When the reader has completed this Code Pattern, they will understand how to:

  • Use Watson Studio to create a project and associate services
  • Use IBM Machine learning service to take advantage of machine learning models management (continuous learning system) and deployment (online, batch, streaming)
  • Use Apache Spark-as-a-service cluster computing framework optimized for extremely fast and large scale data processing.
  • Create and deploy self learning Watson Machine learning models

Flow

Architecture

  1. Initial source data is loaded into IBM Db2 Warehouse on Cloud database.
  2. The source data is then loaded, as a data asset, into Watson Studio.
  3. The Watson Machine Learning service uses the source data and computes an evaluation using Apache Spark-as-a-service to create a machine learning model, and saves the evaluation information back to the Db2 Warehouse on Cloud database.
  4. Apache Spark-as-a-service to compute the evaluation.
  5. Feedback data is uploaded to the feedback table in the Db2 Warehouse on Cloud database.
  6. Once the evaluation is done the Watson Machine Learning service creates a machine learning model.
  7. The model data is exposed through an API.
  8. Applications can use the API to evaluate new data and create a new model based on continuous learning.

Included components

  • Watson Machine Learning: Use trusted data to put machine learning and deep learning models into production. Leverage an automated, collaborative workflow to grow intelligent business applications easily and with more confidencelaborate on building conversational AI solution.
  • Apache Spark: Apache Spark is an open source cluster computing framework optimized for extremely fast and large scale data processing, which you can access via the newly integrated notebook interface IBM Analytics for Apache Spark.
  • IBM Db2 Warehouse on Cloud: IBM Db2 Warehouse on Cloud is an elastic, fully managed cloud data warehouse service that's powered by IBM BLU Acceleration® technology for increased performance and optimization of analytics at a massive scale.
  • Watson Studio: IBM Watson Studio provides tools for data scientists, application developers and subject matter experts to collaboratively and easily work with data to build and train models at scale. It gives you the flexibility to build models where your data resides and deploy anywhere in a hybrid environment so you can operationalize data science faster.

Featured technologies

  • Artificial Intelligence: Artificial intelligence can be applied to disparate solution spaces to deliver disruptive technologies.
  • Machine Learning: Machine learning is a field of artificial intelligence that uses statistical techniques to give computer systems the ability to "learn" (e.g., progressively improve performance on a specific task) from data, without being explicitly programmed
  • IBM Db2 Warehouse on Cloud: IBM Db2 Warehouse on Cloud is an elastic, fully managed cloud data warehouse service that's powered by IBM BLU Acceleration technology for increased performance and optimization of analytics at a massive scale.
  • Continuous Learning: Continuous learning is a method of machine learning, in which input data is continuously used to extend the existing model's knowledge i.e. to further train the model.

Watch the Video

Steps

  1. Clone the repo
  2. Create Watson Studio Project
  3. Create Db2 Warehouse on Cloud database and add the connection to Watson Studio
  4. Create and load data into Db2 Warehouse on Cloud database
  5. Add connected asset into Watson Studio
  6. Create Apache Spark as a service with IBM Cloud
  7. Create Watson Machine Learning with IBM Cloud
  8. Add new Watson Machine Learning Model to Watson Studio
  9. Add Feedback data and new evaluations to the continuously learning model
  10. Deploy the model to expose it through an API
  11. Test the model

1. Clone the repo

Clone the continuous-learning-with-watson-ml-and-db2 locally. In a terminal, run:

$ git clone https://github.com/IBM/continuous-learning-with-watson-ml-and-db2
$ cd continuous-learning-with-watson-ml-and-db2

2. Create Watson Studio Project

If you do not already have an IBM Cloud account, sign up for IBM Cloud and login to your IBM cloud account.

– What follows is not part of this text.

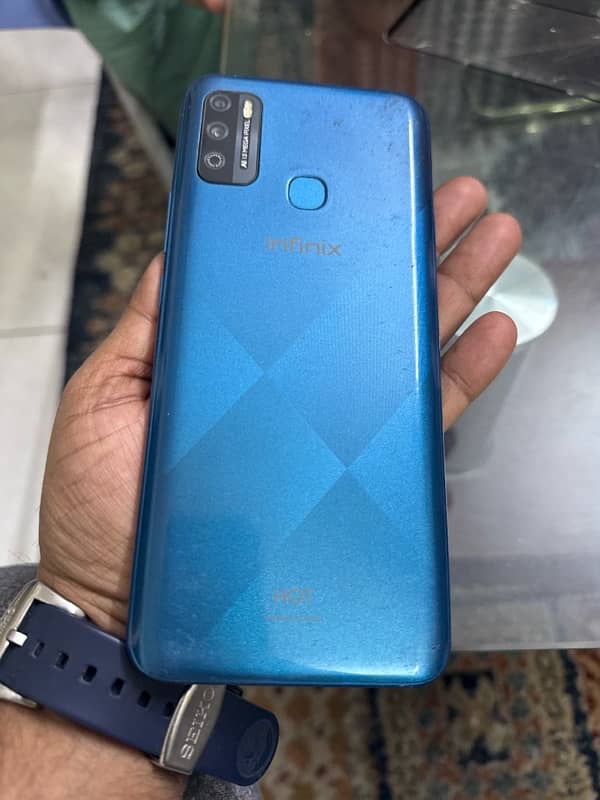 INFINIX HOT 9 PLAY 1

First you will need to create an Object Storage service if you don't already have one. From the catalog, search for object storage, select Object Storage service, choose the lite plan and click create.

Go back to catalog, search for Watson Studio, select it, choose the lite plan and click create.

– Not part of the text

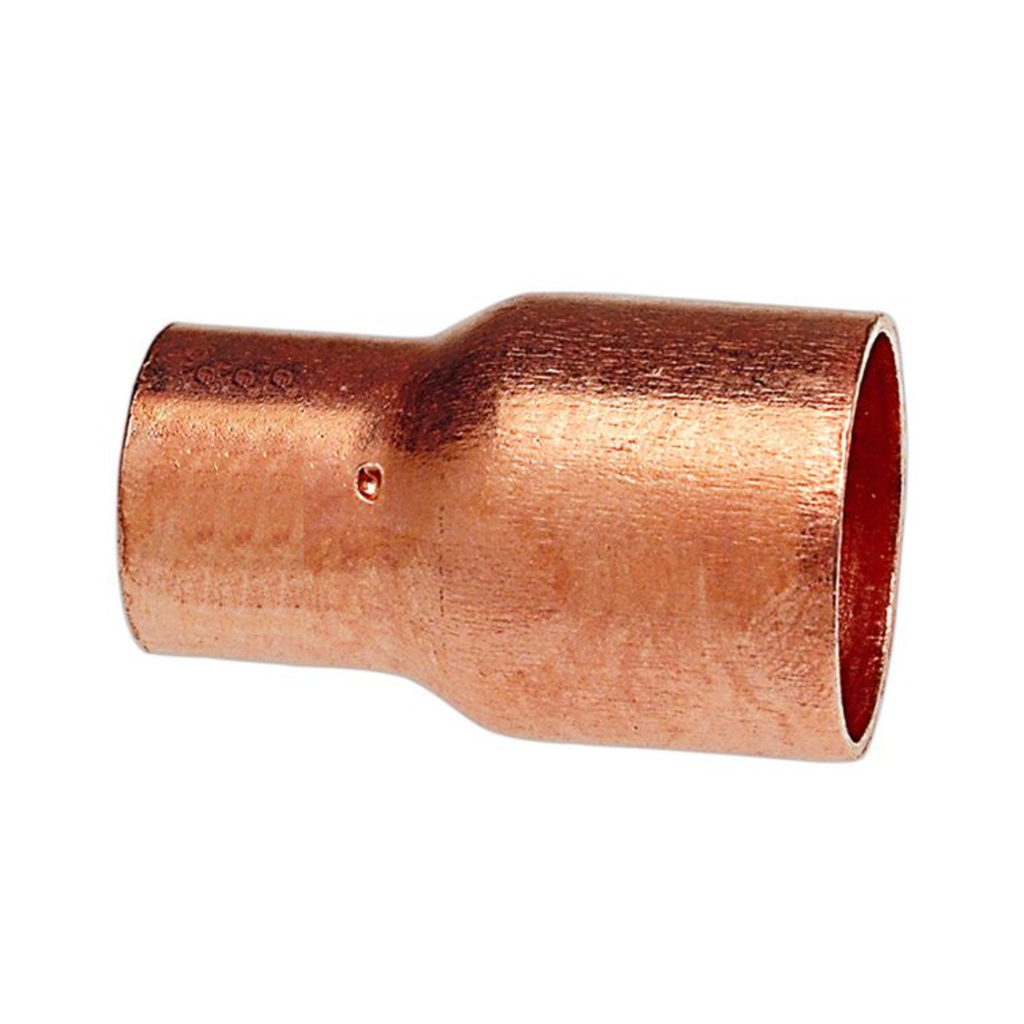 1 1/8 X 7/8 O.D. CC COUPLING WROT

Create a new Project by clicking the New Project link, choose Complete, give it a name and click create.

3. Create Db2 Warehouse on Cloud database and add the connection to Watson Studio

From the IBM Cloud catalog search for Db2 Warehouse on Cloud and create one using the appropriate plan.

Once the service is created, create new credentials by selecting Service Credentials option in the left navigation panel. Make sure to save the credentials for upcoming steps.

From Watson Studio project that you have created earlier, go to + Add to Project and choose Connection

Select Db2 Warehouse from the available options to connect to Db2 Warehouse on Cloud database you created earlier.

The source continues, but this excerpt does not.